Exercise input:

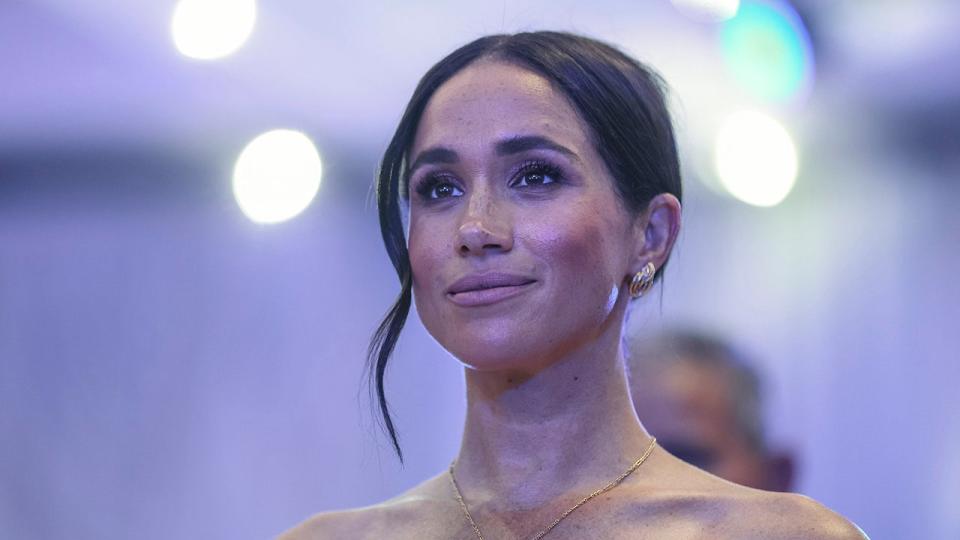 A close-up of Meghan Markle wearing a gold chain necklace.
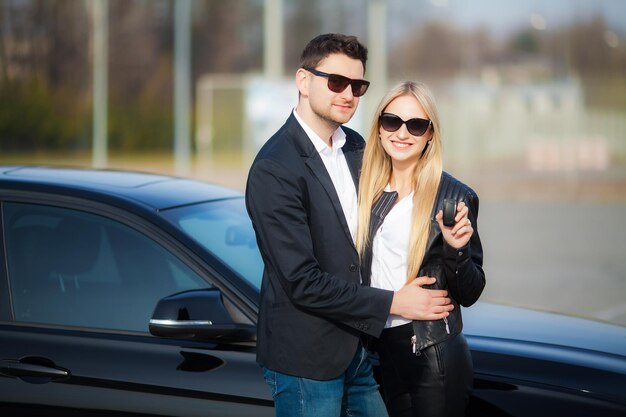 Gelukkig paar kopen nieuwe moderne zwarte auto.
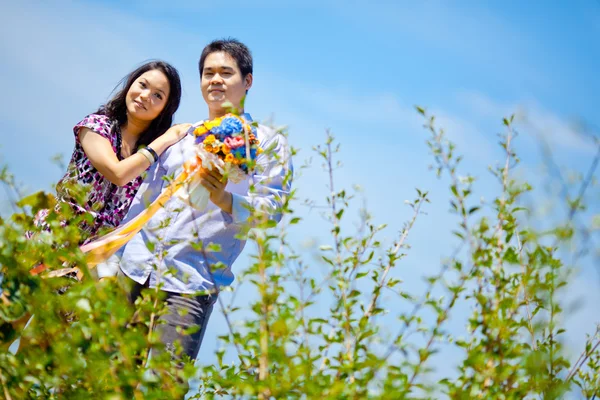 Coppie romantiche in piedi all'aperto con mazzo di fiori — Foto Stock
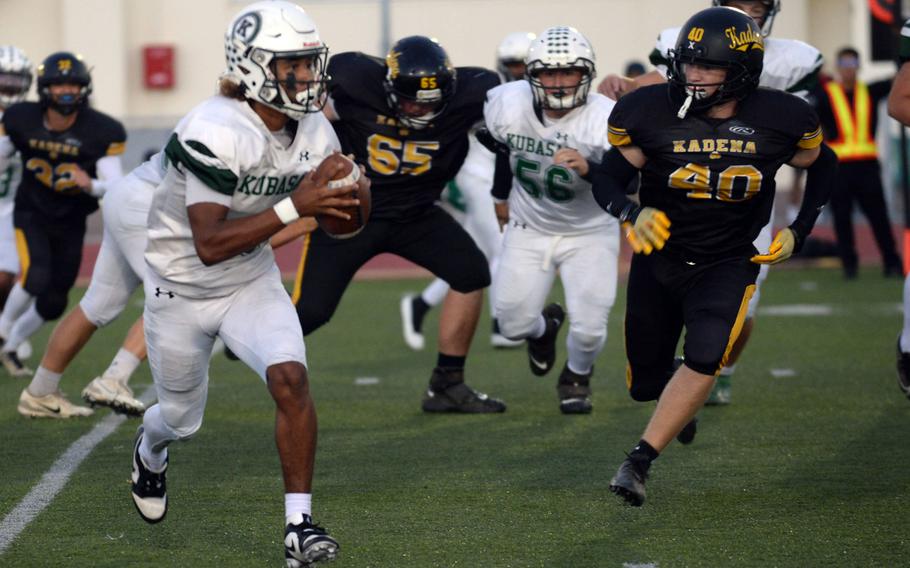 Kubasaki quarterback Trajon Weaver looks for operating room against Kadena's Jackson Stroud.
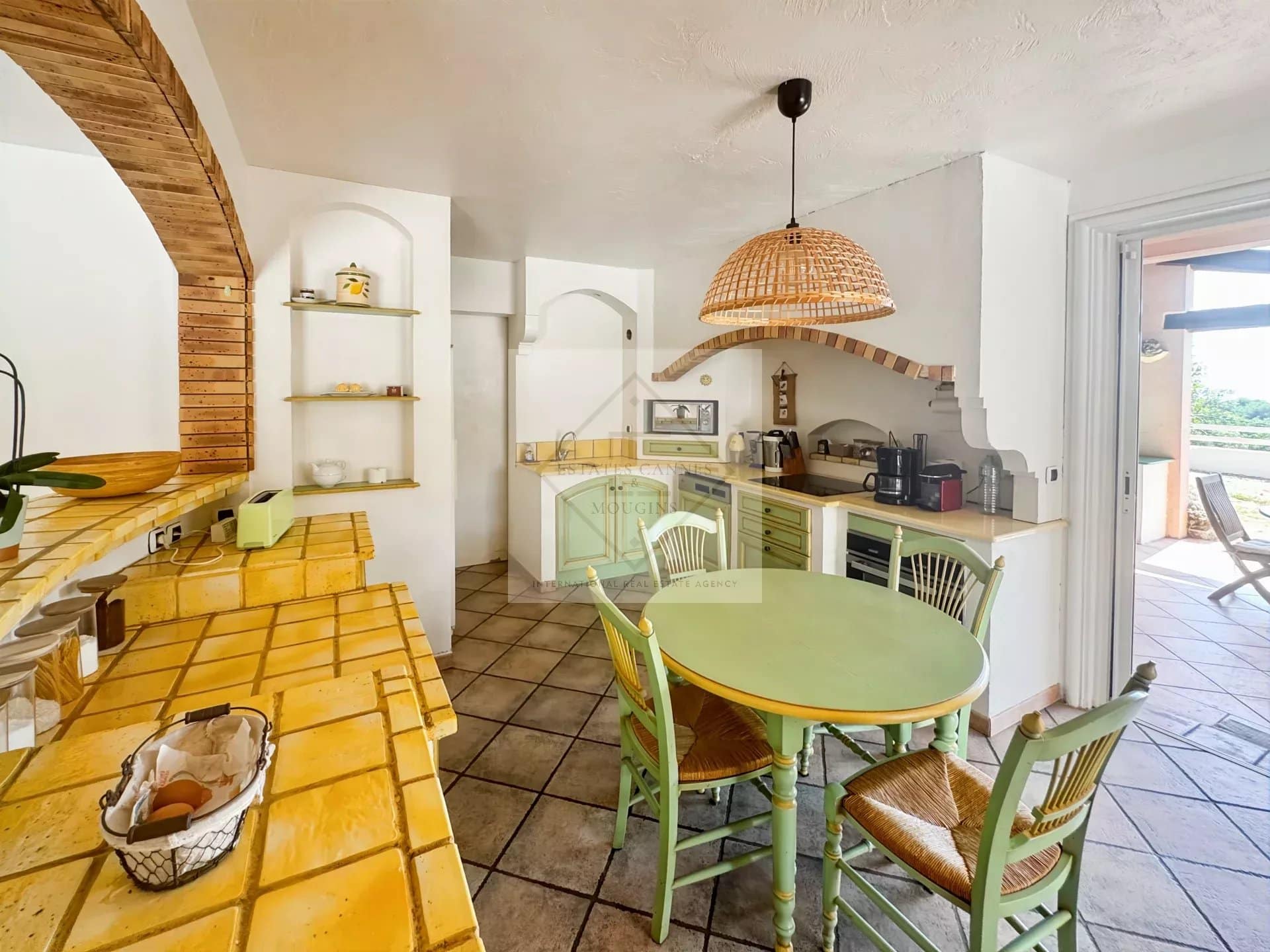 Kitchen of a Provençal villa in Antibes with a round table and wooden chairs.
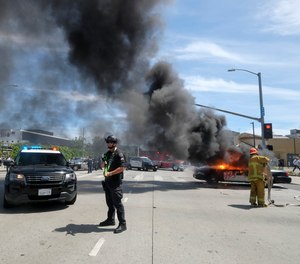 A police officer stands guard as a firefighter extinguishes a burning police vehicle during a protest over the death of George Floyd in Los Angeles, Saturday, May 30, 2020.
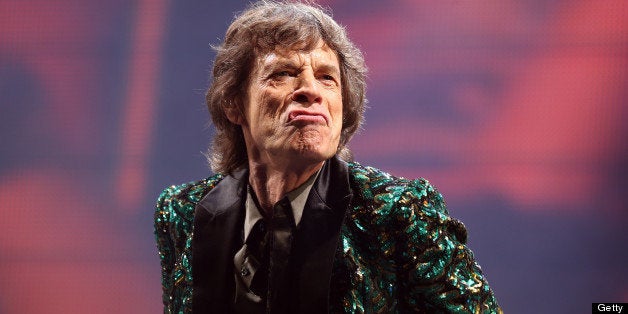 GLASTONBURY, ENGLAND - JUNE 29: Sir Mick Jagger of The Rolling Stones performs on the Pyramid Stage at Glastonbury Festival 2013 on June 29, 2013 in Glastonbury, England. at the Glastonbury Festival of Contemporary Performing Arts site at Worthy Farm, Pilton on June 29, 2013 near Glastonbury, England. The wholesale market caters for traders throughout the Festival who are estimated to provide 3 million meals for festival goers, crew and performers. Gates opened on Wednesday at the Somerset diary farm that will be playing host to one of the largest music festivals in the world and this year features headline acts Artic Monkeys, Mumford and Sons and the Rolling Stones. Tickets to the event which is now in its 43rd year sold out in minutes and that was before any of the headline acts had been confirmed. The festival, which started in 1970 when several hundred hippies paid 1 GBP to watch Marc Bolan, now attracts more than 175,000 people over five days. (Photo by Matt Cardy/Getty Images)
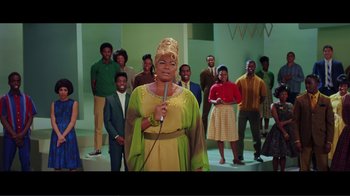 Movie still from “Hairspray” (2007), directed by Adam Shankman – An older woman holding a microphone in front of a group of people; Medium shot, Low angle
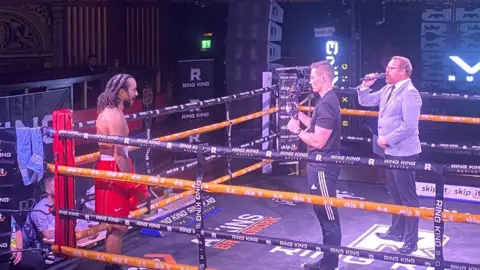 Mr Sarpong in a black boxing ring. He is wearing red shorts and gloves, and a man in all black is filming him from his phone. In the middle of the ring is an announcer, who is wearing a grey suit.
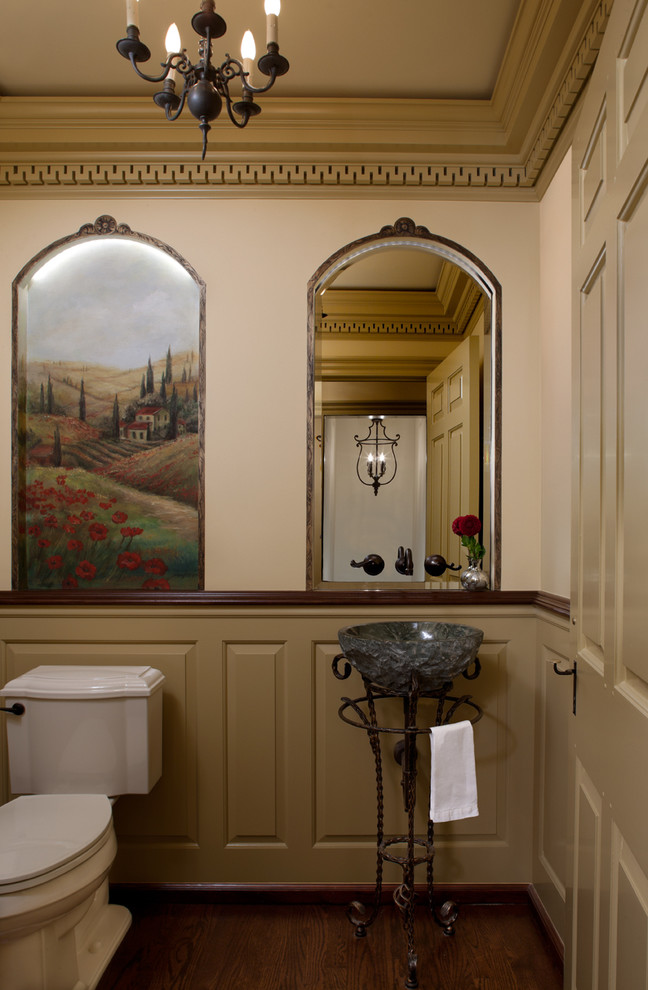 Powder room - small traditional dark wood floor and brown floor powder room idea in Detroit with a two-piece toilet, beige walls, a vessel sink and raised-panel cabinets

Directions: Exact transcription of the full listing above is required; images do not belong in it.

Answer section:
 A close-up of Meghan Markle wearing a gold chain necklace.
 Gelukkig paar kopen nieuwe moderne zwarte auto.
 Coppie romantiche in piedi all'aperto con mazzo di fiori — Foto Stock
 Kubasaki quarterback Trajon Weaver looks for operating room against Kadena's Jackson Stroud.
 Kitchen of a Provençal villa in Antibes with a round table and wooden chairs.
 A police officer stands guard as a firefighter extinguishes a burning police vehicle during a protest over the death of George Floyd in Los Angeles, Saturday, May 30, 2020.
 GLASTONBURY, ENGLAND - JUNE 29: Sir Mick Jagger of The Rolling Stones performs on the Pyramid Stage at Glastonbury Festival 2013 on June 29, 2013 in Glastonbury, England. at the Glastonbury Festival of Contemporary Performing Arts site at Worthy Farm, Pilton on June 29, 2013 near Glastonbury, England. The wholesale market caters for traders throughout the Festival who are estimated to provide 3 million meals for festival goers, crew and performers. Gates opened on Wednesday at the Somerset diary farm that will be playing host to one of the largest music festivals in the world and this year features headline acts Artic Monkeys, Mumford and Sons and the Rolling Stones. Tickets to the event which is now in its 43rd year sold out in minutes and that was before any of the headline acts had been confirmed. The festival, which started in 1970 when several hundred hippies paid 1 GBP to watch Marc Bolan, now attracts more than 175,000 people over five days. (Photo by Matt Cardy/Getty Images)
 Movie still from “Hairspray” (2007), directed by Adam Shankman – An older woman holding a microphone in front of a group of people; Medium shot, Low angle
 Mr Sarpong in a black boxing ring. He is wearing red shorts and gloves, and a man in all black is filming him from his phone. In the middle of the ring is an announcer, who is wearing a grey suit.
 Powder room - small traditional dark wood floor and brown floor powder room idea in Detroit with a two-piece toilet, beige walls, a vessel sink and raised-panel cabinets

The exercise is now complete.